Spiced Herb & Almond Couscous

This vibrant couscous dish is bursting with flavor, perfect for summer meals. Enjoy it warm or cold!

Ingredients

  • 1 red onion, halved and sliced
  • 425ml hot chicken stock (from a cube is fine)
  • Pinch of saffron strands (optional)
  • 1 fat red chilli, sliced
  • 500g couscous
  • 2 packs of coriander, leaves only
  • 50g toasted whole almonds
  • Handful of dates, roughly chopped (Medjool recommended)
  • Juice of ½ lemon

Instructions

  1. In a roasting tray, heat some oil and add the sliced onions.

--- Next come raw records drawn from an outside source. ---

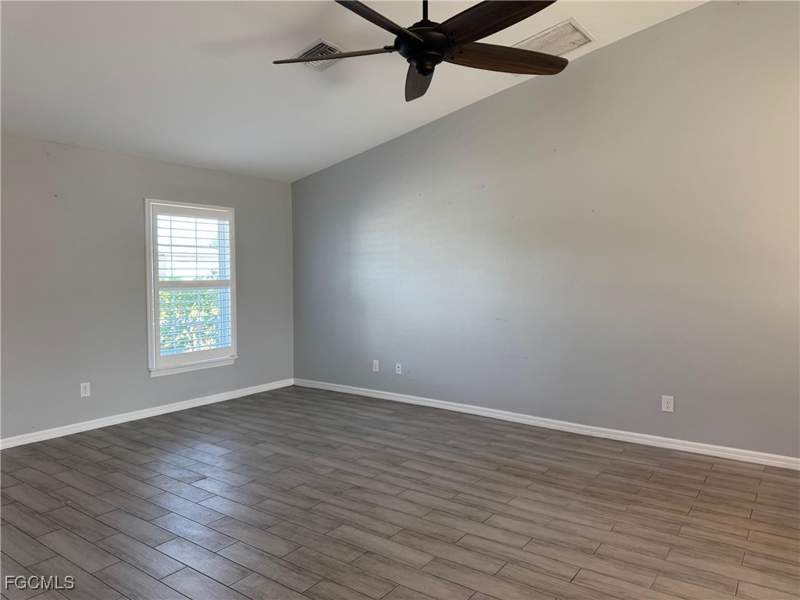 3 bedroom SingleFamilyResidence at 202 NW 27th Ave, Cape Coral, Cape Coral — photo 3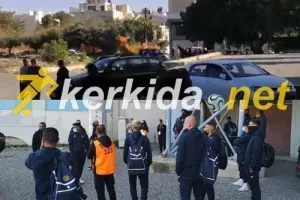 Οι παίκτες της ΑΕΛ χαζεύουν την πορεία των οργανωμένων! 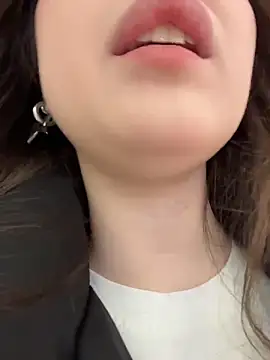 Peachy Dream online show from February 27, 5:13 pm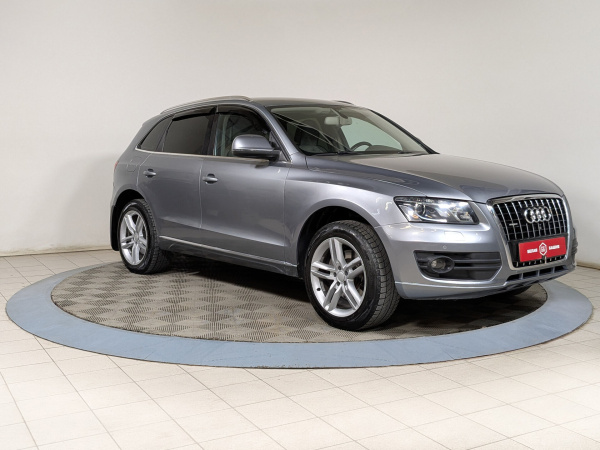 Audi Q5 2010 Серый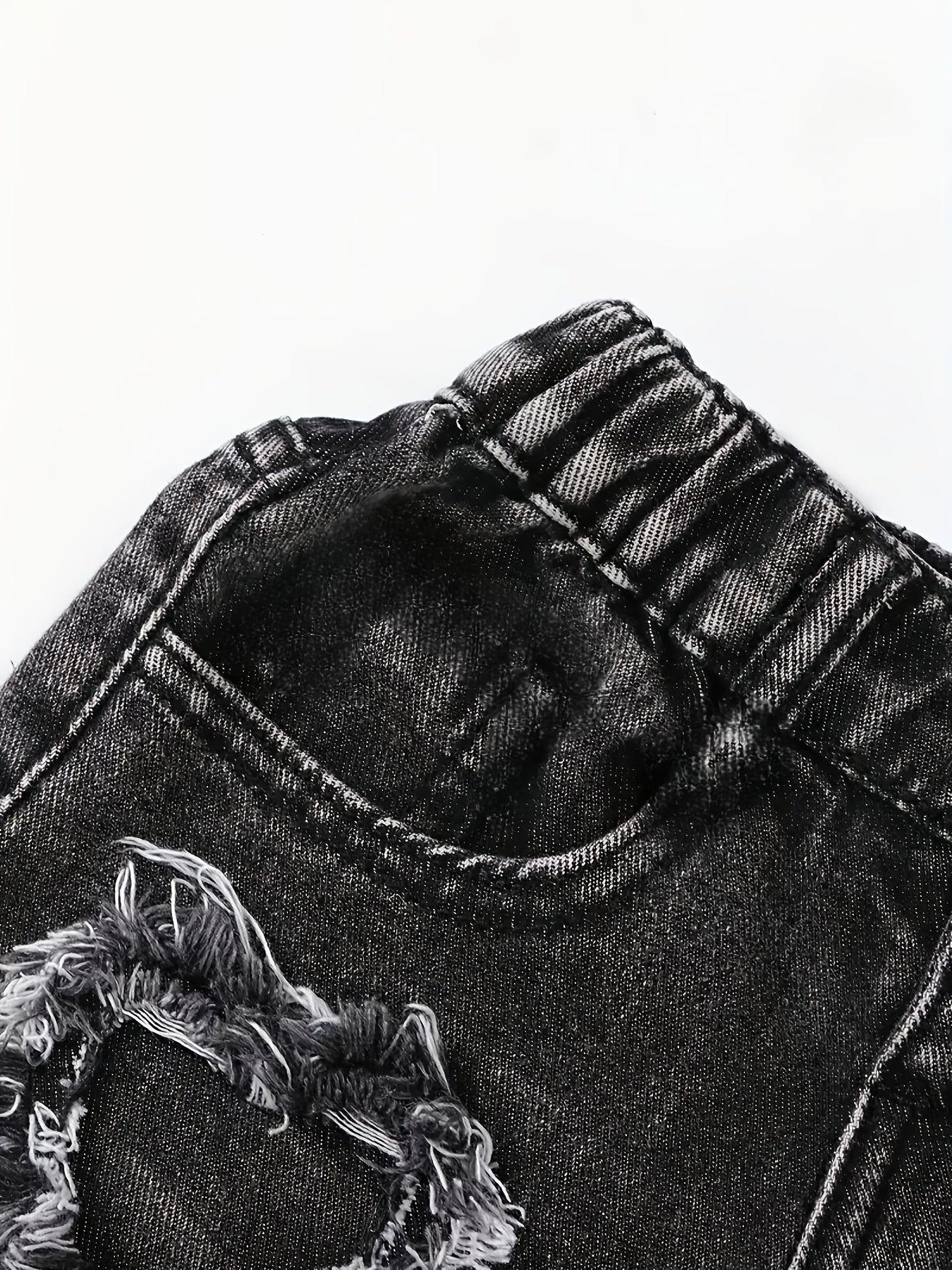 Vaqueros Anchos con Parches de Corazón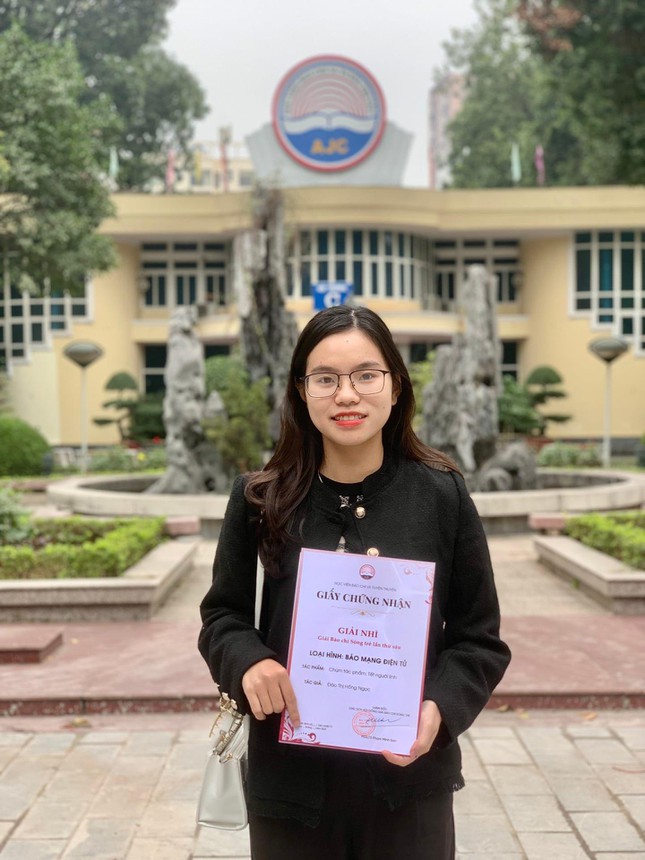 Nữ sinh trường Báo và hành trình ‘Áp lực tạo kim cương’ ảnh 2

Fry for about 5 minutes until softened.
  2. If using saffron, add the strands to the hot chicken stock to infuse flavor and color.
  3. Add the sliced chilli to the tray and fry for an additional minute, then remove from heat.
  4. Stir in the couscous and the infused stock, then cover the tray with cling film. Let it sit for 10 minutes.
  5. After the couscous has absorbed all the stock, chop the coriander and fluff it through the couscous along with the almonds, dates, and lemon juice.
  6. Serve immediately or allow to cool for a refreshing cold dish. Add chopped coriander just before serving chilled.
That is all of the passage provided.